Homebuyers may place trust in information conveyed via marketing content. This is, in part, because they are generally aware that shared ownership is a government-backed and publicly-subsidised affordable homes scheme delivered by housing associations who describe themselves as ‘charitable’ and ‘not-for-profit’.

However, shared ownership advertisements often over-simplify complexity by promoting benefits while understating hazards, This is particularly problematic given marketing campaigns are frequently positioned as an education tool, with homebuyers implicitly encouraged to place reliance on advertisements, advertorials and other online promotional resources including FAQs and online seminars

It is clearly welcome that the ASA have upheld two complaints about shared ownership advertising, and are currently investigating a complaint about a ‘Black Friday’ shared ownership promotion.

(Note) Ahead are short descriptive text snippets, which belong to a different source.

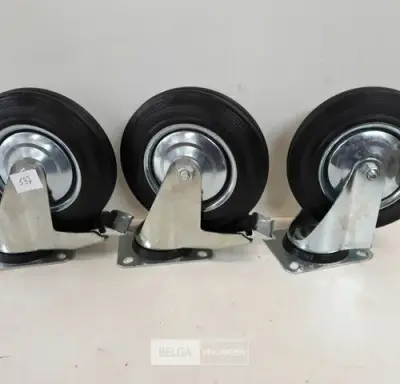 3 x Zwenkwiel 1 x zwenkwiel + 2 x zwenkwiel met rem 200mm – kavel bij Belga Veilingen, Oudsbergen
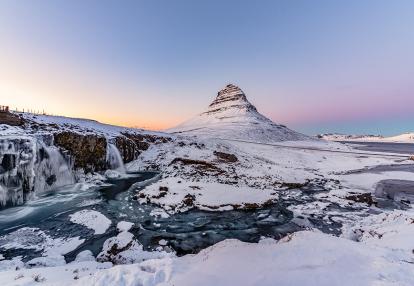 Kirkjufell during Golden Hour Voyage en Islande - Epopée Glaciaire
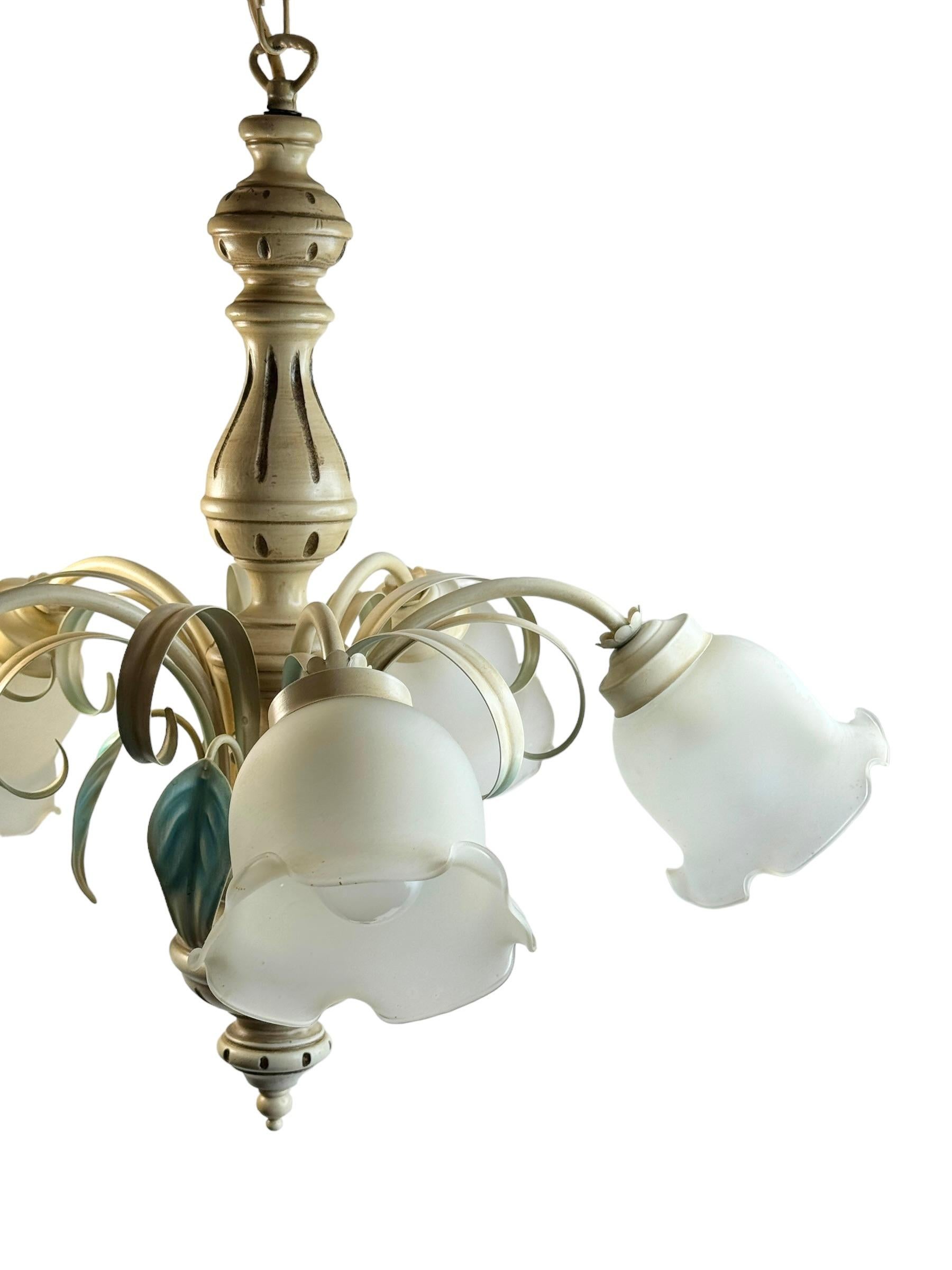 Grand lustre à 5 lumières en bois polychrome de style Florentine Baroque EGLO Leuchten en vente 1
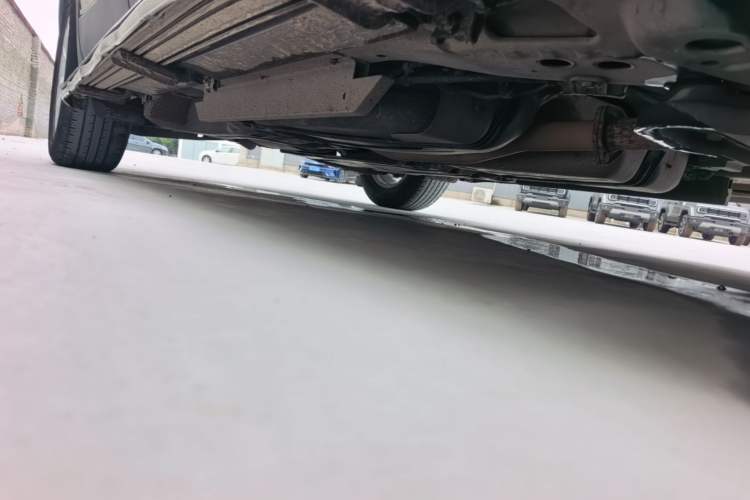 Used Buick Envision 2017 20T Two-Wheel Drive Elite Version Right Side Sill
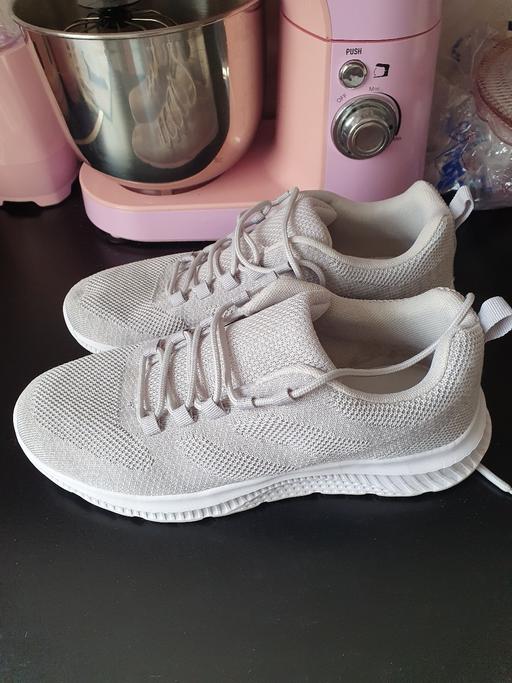 Buy & Sell Upper Gornal Dudley - Photos for men's grey trainers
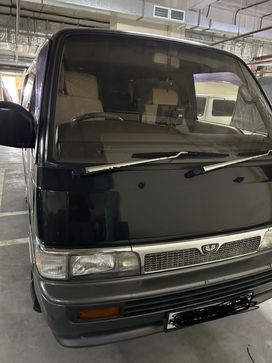    Nissan Homy 1995 , 250000 , 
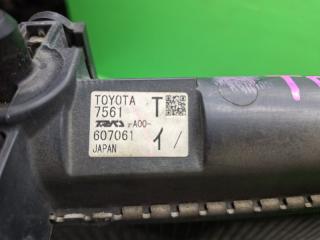 Радиатор основной TOYOTA HIACE TRH228 3 ракурс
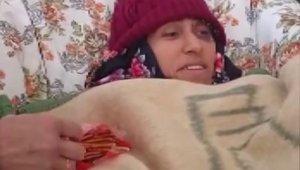 78 saat sonra enkazdan sağ çıkarılan 2 çocuk annesi: "Kepçe benim için geldi diye çok sevindim"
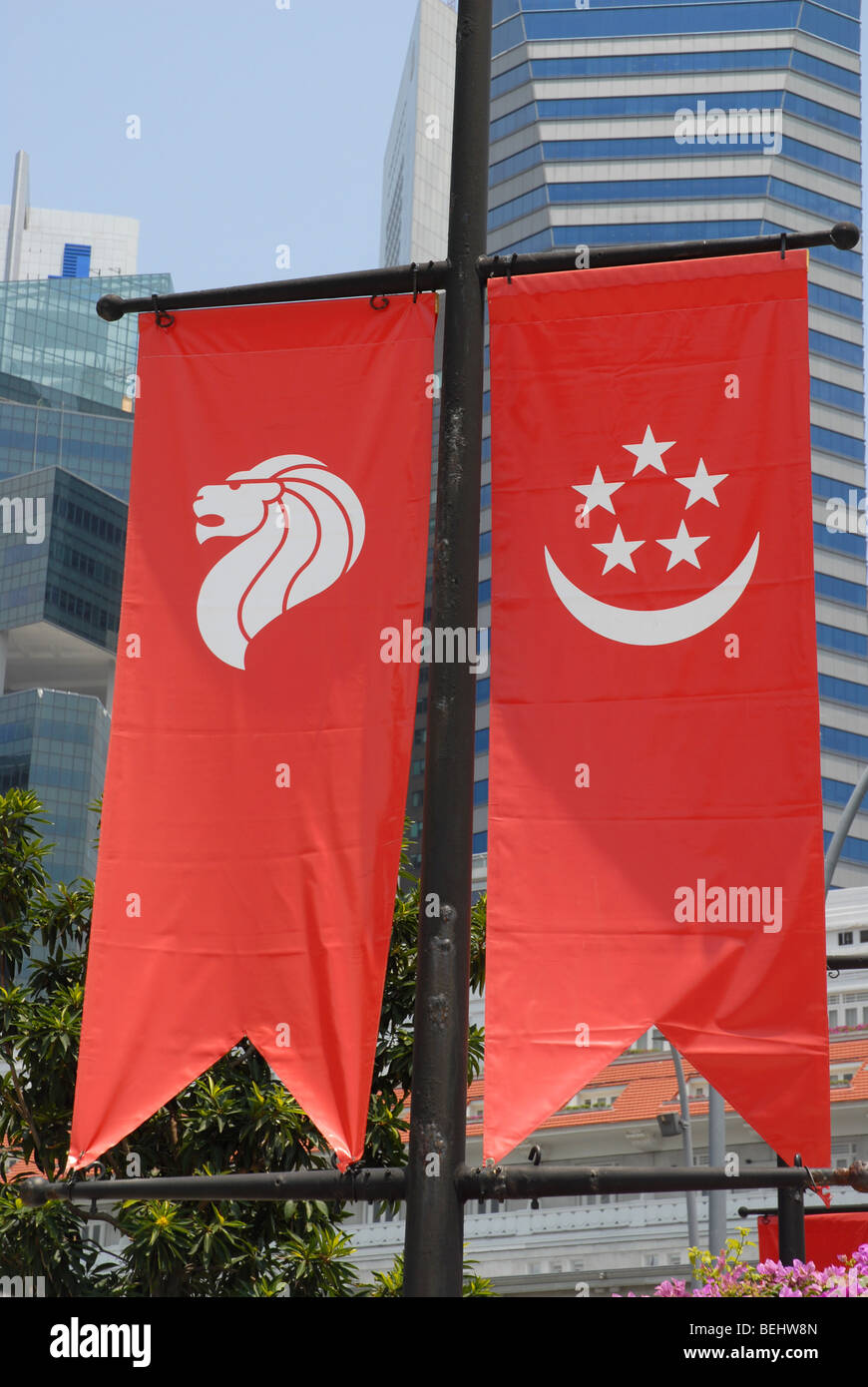 Banner Fahnen der Merlion, und Sterne und Mond, zum National Day 2009, Singapur feiern Stockfoto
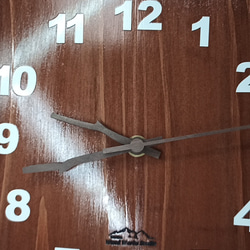 シンプル　掛け時計　無垢の杉材使用　 5枚目の画像
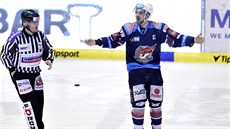 Brett Flemming z Chomutova po arvátce s pardubickým Davidem Tomákem.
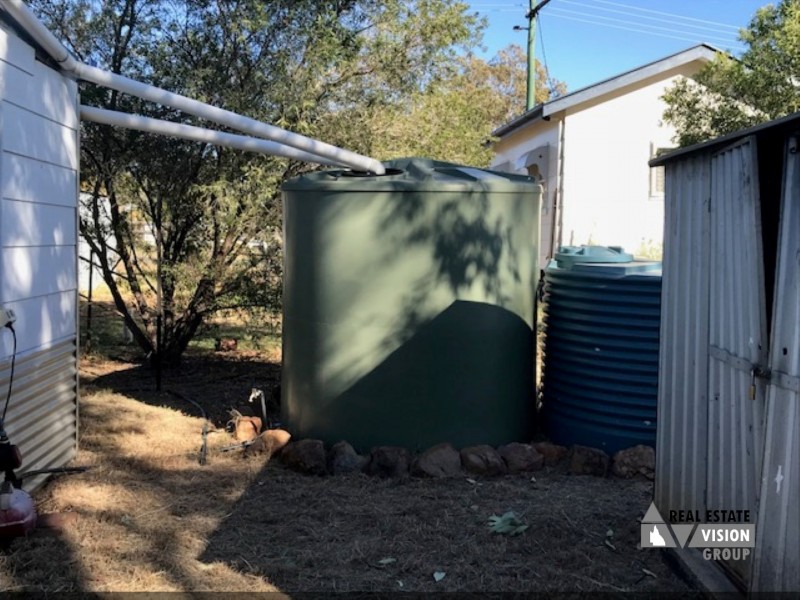 25 Richardson St, Anakie, The Gemfields QLD 4702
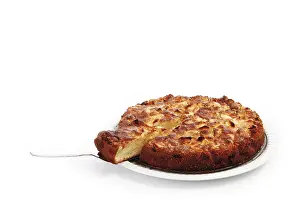 Baked Goods Studio Photo Impressions: Apple pie, slice on a pie server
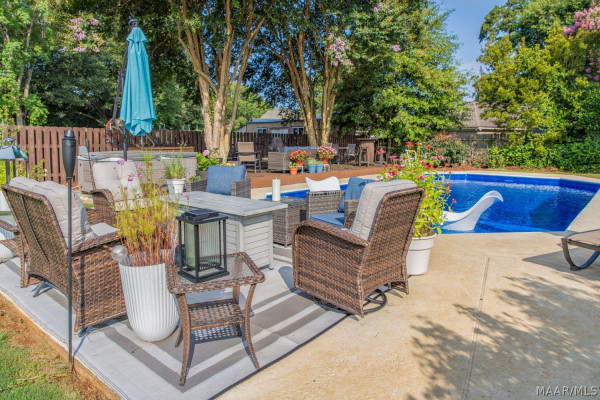 445 ARROWHEAD Drive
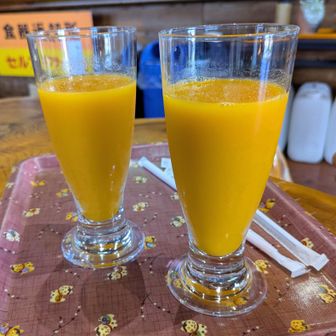 みかんジュース（氷なし）🍊
美味しかった〜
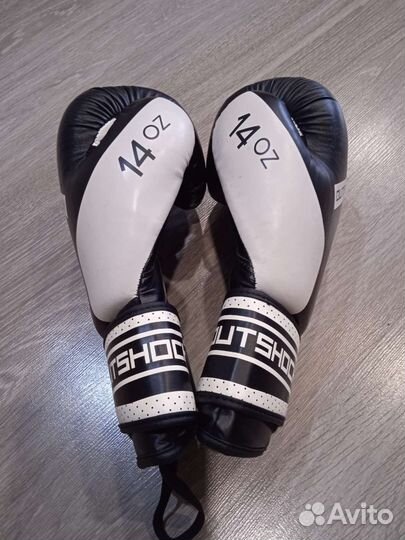 Боксерские перчатки 14 oz кожа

Nonetheless​,​ ​tackling non-compliance with consumer protection regulations​ and the CAP Code on an ad-by-ad basis is slow and ineffective given the multi-partner and multi-media context of contemporary shared ownership advertising. It is for this reason that the report Shared Ownership: The Consumer Perspective recommends that the ASA collaborate with other agencies to undertake an independent review into shared ownership marketing, consult on options to prevent mis-selling and deliver an enforceable Code of Practice.

Shared Ownership Resources was launched in March 2021. One of the aims of the platform is to provide greater clarity on complex issues to assist first-time buyers and shared owners in making informed decisions. I will therefore publish this ‘open letter’ on the website, and will likewise publish your response as and when it is received.

I would, of course, be pleased to discuss further the matters outlined in this letter, and look forward to your response.

Kind regards,

Sue Phillips

Founder, Shared Ownership Resources

Shared Ownership Resources was established in 2021 to champion the interests of shared owners and households considering shared ownership. The project publishes case studies, collaborates with housing, legal and financial experts to offer specialist information and advice; and campaigns for improved transparency and better outcomes and against mis-selling and other poor practices in the sector.

UPDATE: 26 June 2023

Shared Ownership Resources received an engaged response from the ASA. Further updates to follow in due course.

One Comment

  1. Stewart Moxon
    June 26, 2023

    Unfortunately, as in all leasehold, the consumer is being duped and the various government bodies set up to protect people’s interests are incompetently looking on.